Posted by: joshua corning | May 01, 2008 at 04:09 PM
It's especially fun because the word-thief's gambit failed half-a-century ago. John doesn't have a chance.
Posted by: odograph | May 01, 2008 at 04:14 PM
Oh, sure, blame the victims. I have a professional revulsion for misapplied technical terms, so I'm definitely on the economists' side here. They actually seem to have made the "right" terminology choice way back when these terms were developing. It's the rest of the world that's screwed it up, conflating exactly the concepts the economists were trying to distinguish.
If I understand the issue correctly, economists use "demand" to mean "What people want," and "quantity demanded" to mean "What people will buy at a particular price." So it seems to me that economists are using "demand" pretty much the way everyone else uses the word, whereas "quantity demanded" is a specific term of art.
Unfortunately, ignorant commentators seem to have tried to "simplify" the discussion by shortening "quantity demanded" to "demand." Now, folks who've been steeped in this error are arguing that this is in fact the "right" way, and the economists are wrong. Who's the real thief?

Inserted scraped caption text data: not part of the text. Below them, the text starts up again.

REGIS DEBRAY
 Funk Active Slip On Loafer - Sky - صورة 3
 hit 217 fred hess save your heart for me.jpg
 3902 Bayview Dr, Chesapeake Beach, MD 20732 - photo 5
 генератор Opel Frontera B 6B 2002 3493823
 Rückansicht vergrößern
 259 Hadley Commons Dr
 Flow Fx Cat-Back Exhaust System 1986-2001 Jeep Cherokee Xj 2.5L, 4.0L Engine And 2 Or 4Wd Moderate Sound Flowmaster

It's the same blunder that leads so many to think of a "quantum leap" as a major step (instead of an infinitessimally small one) and consider the "epicenter" to be the absolute center of something, rather than a point considerably removed from the center.
Posted by: Alan Dove | May 02, 2008 at 01:04 PM
Don't "quantum" and "epicenter" follow the "go to the Latin" rule? That is they avoid confusion by avoiding word-theft.
Posted by: odograph | May 02, 2008 at 02:07 PM
Alan – Actually “demand” refers to a function; a rule that says what quantity demanded would be at different prices; whereas “quantity demanded” is the specific value of that function for a specific price value. The demand function also takes other arguments such as substitute prices, income, preference parameters, that may shift or rotate the demand schedule, and thereby change the relationship between quantity demanded and price, but are held constant in evaluating quantity demanded at a particular price point. Your use of the word “want” to distinguish demand and quantity demanded is not exactly correct. The demand function tells us the quantities of a good that consumers both “want” and are “able to pay for” at various prices.
A butcher’s analogy: “demand” is as a sausage machine, whereas “quantity demanded” is number of sausages. Price, therefore, is one of the main ingredients (inputs) into the sausage-making. [Analogy courtesy of my PhD microeconomics instructor.]